The devil’s coins

Coins bearing a picture of the devil with the inscription “Civitas Diaboli” have been found in churches and museums in Denmark, Norway, and England – products of a hoax that began in 1973.

Devil
Jacob de Backer, Public domain, via Wikimedia Commons

Hey, this is the 666th regular post on this website – so it’s time to talk about one man and his obsessive desire to make the world a weirder place. This is the story of a hoax that ran for forty years.

Knud Langkow worked in Denmark’s National Gallery, and he liked a good mystery. In the words of his niece, “normality annoyed him […] he did not like ordinary.” So, in 1973, Langkow planted various Satanic-looking paraphernalia around the Danish desert island Anholt: black candles, fragments of bone, brass bells, masks, and so on. A media circus ensued – was this tiny island (current population 145) full of witches? Was it somehow the centre of a Danish black mass? No-one knew, and Langkow certainly wasn’t telling.

Instead, he spent the next thirty years keeping the myth of the Anholt cult alive. He sent letters to priests under pseudonyms like “Alice Mandragora” inviting them to perform Satanic rites; and he hid coins all around Denmark and occasionally further. Not just any coins, though: on one side was inscribed “13 Maj Anholt 1973” in reference to the original hoax, and on the other was a picture of a dancing devil and the words “Civitas Diaboli.”

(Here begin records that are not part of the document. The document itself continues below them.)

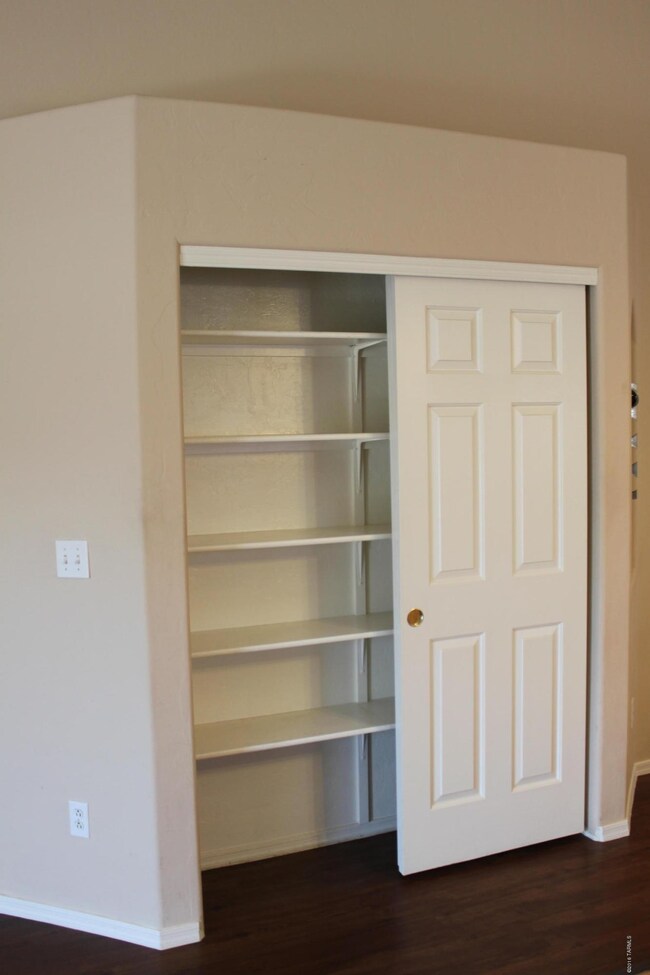 KITCHEN PANTRY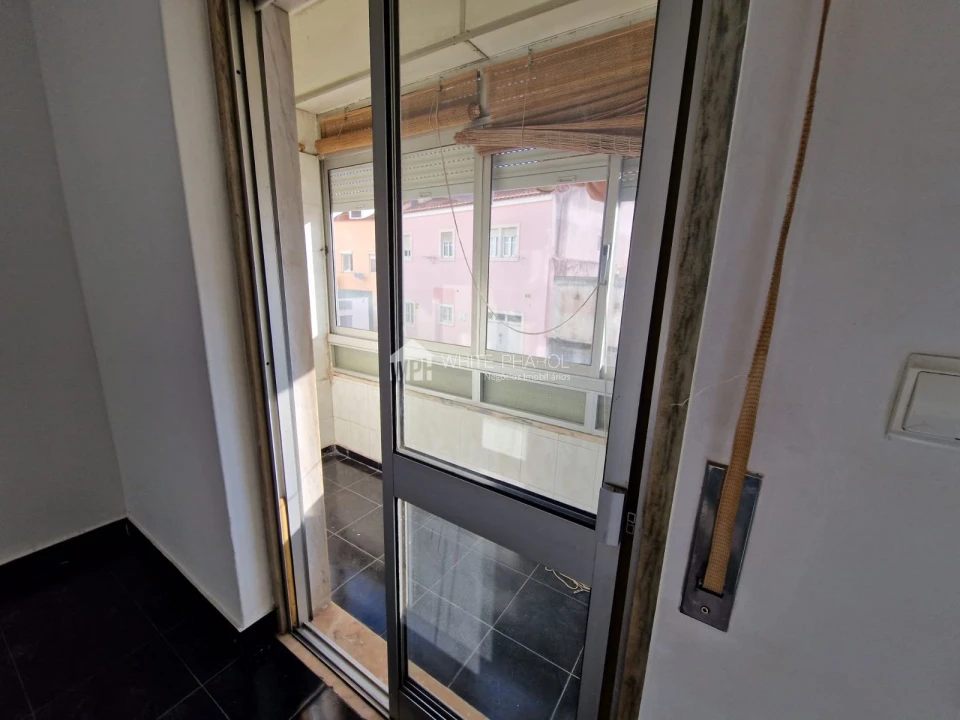 Apartamento T3 para Venda em Ramada e Caneças Foto 21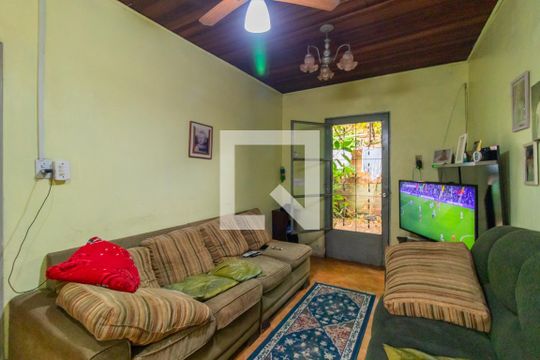 Casa à venda com 2 quartos, 178m² em Jardim Botânico, Porto Alegre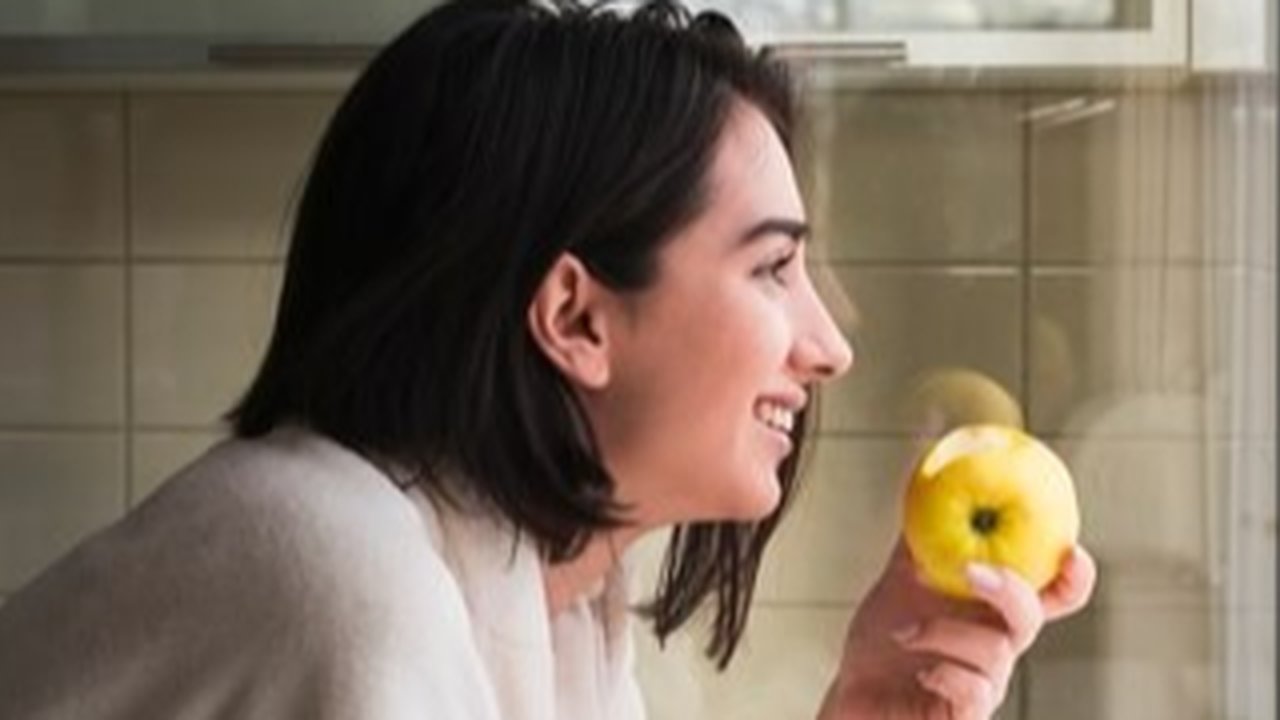 Ilustrasi Makan Buah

If you know your St. Augustine, you’ll recognise that phrase. It comes from The City of God, the 5th century book of Christian philosophy, in the following passage:

Eius inimica est ciuitas diaboli Babylon, quae confusio interpretatur.

The City of God

Or, in English:

Her enemy is the city of the devil, Babylon, which means “confusion.”

The devil coins have been found throughout Denmark, in a famous stave church in Norway, and in Bath Abbey in England. Apparently Langkow wasn’t the only one to hide them; other fans of the weird and unsettling had their own made up and followed his example. Langkow died in 2004. It wasn’t until 2013 that a Danish newspaper finally found out the truth.